Geen links vuiltje aan de lucht op het platteland
Van een linkse wolk of een driestrijd tussen PvdA-GL, BBB en VVD was geen sprake op het platteland. BBB is de grote winnaar. De linkse wolk komt in geen enkele gemeente in de buurt van het monsterresultaat dat de boerenbeweging wist te behalen. Tel je het aantal stemmen van de PvdA en GL bij elkaar op, dan werd het beste resultaat behaald in Aa en Hunze met 17,9%. Dat steekt echter schril af tegen de 34% van de BBB.

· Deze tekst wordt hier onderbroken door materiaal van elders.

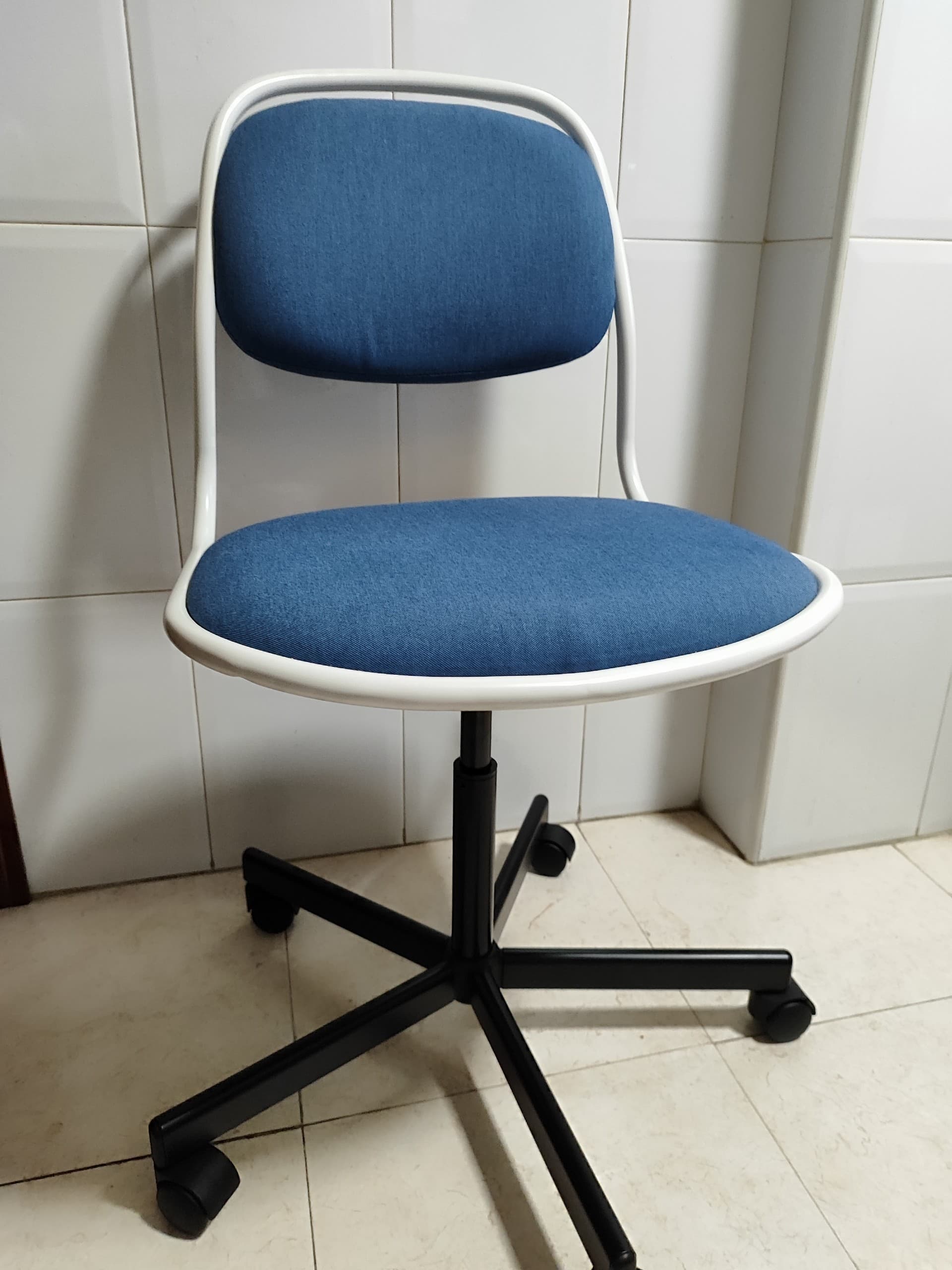 ÖRFJÄLL cadeira xiratoria, branco/Vissle azul escuro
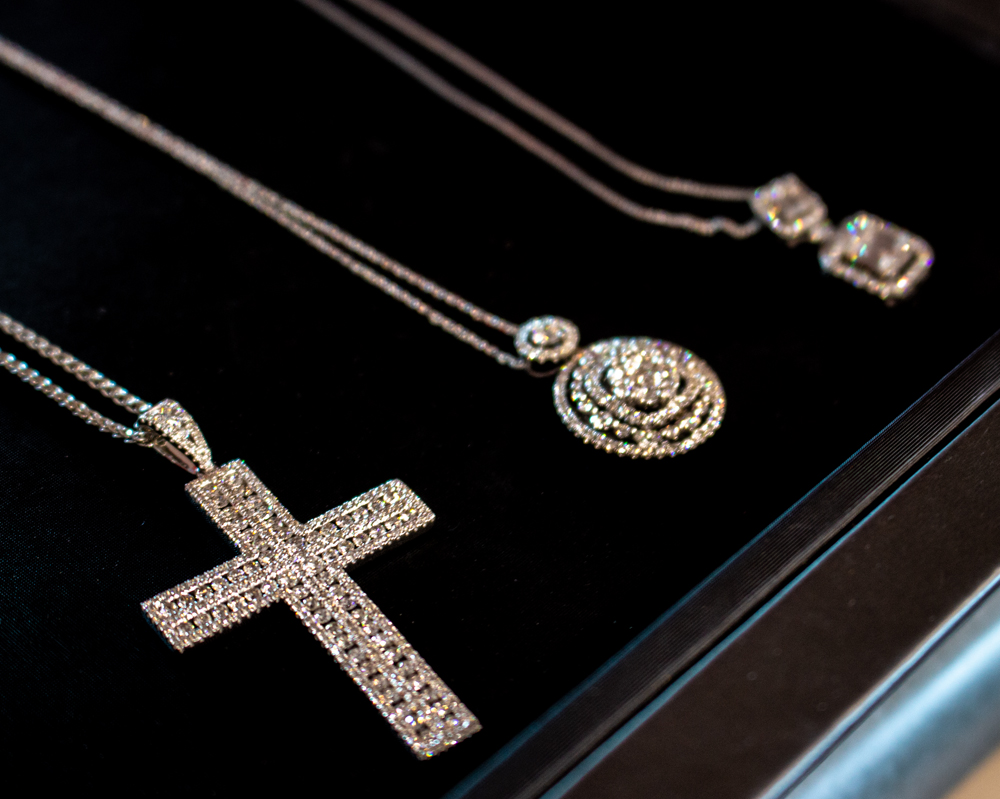 Diamond Necklaces & Pendants Toner Jewelers has the widest selection of gemstone and diamond necklaces in Overland Park. If you want to expand your search or if you already have a necklace chain, shop our collection of diamond & gemstone pendants. Toner Jewelers Overland Park, KS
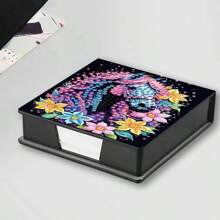 1 Stück 5D Diamant-Malerei Set - Lesezeichen/Aufbewahrungsbox, speziell geformte Kristall-Strass, Pferd & Pfau, Einhorn Muster, DIY Diamant Mosaik Memo Halter. Diese Memo Box kann zum Aufbewahren von Notizen und als Tischdekoration verwendet werden. Enthält 150 bedruckte Signaturpapiere auf Haftnotizen, die als gängiges Schreibwaren für tägliche Aufzeichnung von Ideen und Artikeln geeignet sind.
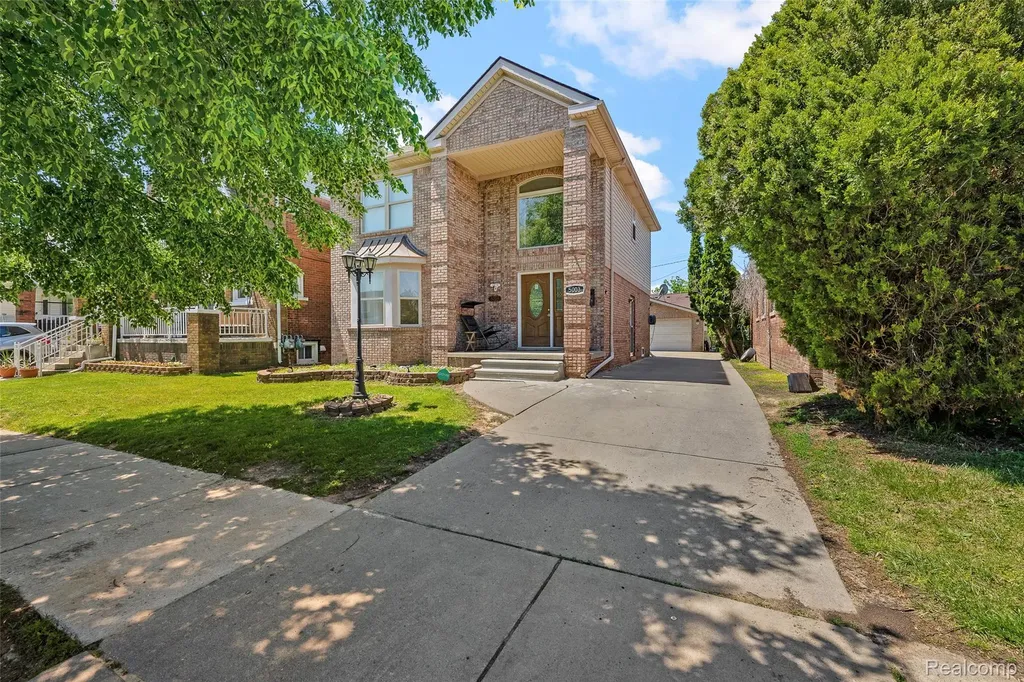 5003 Horger Street Dearborn City MI 48126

[1] Hilversum, Amsterdam, Nijmegen, Ede, Breda, Arnhem, Tilburg, Eindhoven, Den Bosch, Amstelveen, Maastricht, Dordrecht, Venlo, Utrecht, Helmond, Haarlem, Haarlemmermeer, Oss, Roosendaal, Sittard-Geleen, Zaanstad, Apeldoorn, Almere en Heerlen.
[2] Leiden, Rotterdam, Schiedam, Hoorn, Groningen, Enschede, Gouda, Den Haag en Zwolle.
[3] Almelo, Delft, Lelystad, Alphen aan den Rijn, Westland, Hengelo, Zoetermeer, Amersfoort, Assen, Leeuwarden, Deventer en Emmen.
Dit artikel is bijgewerkt op woensdag 22 maart, omdat sommige definitieve uitslagen verschillen van de voorlopige uitslagen.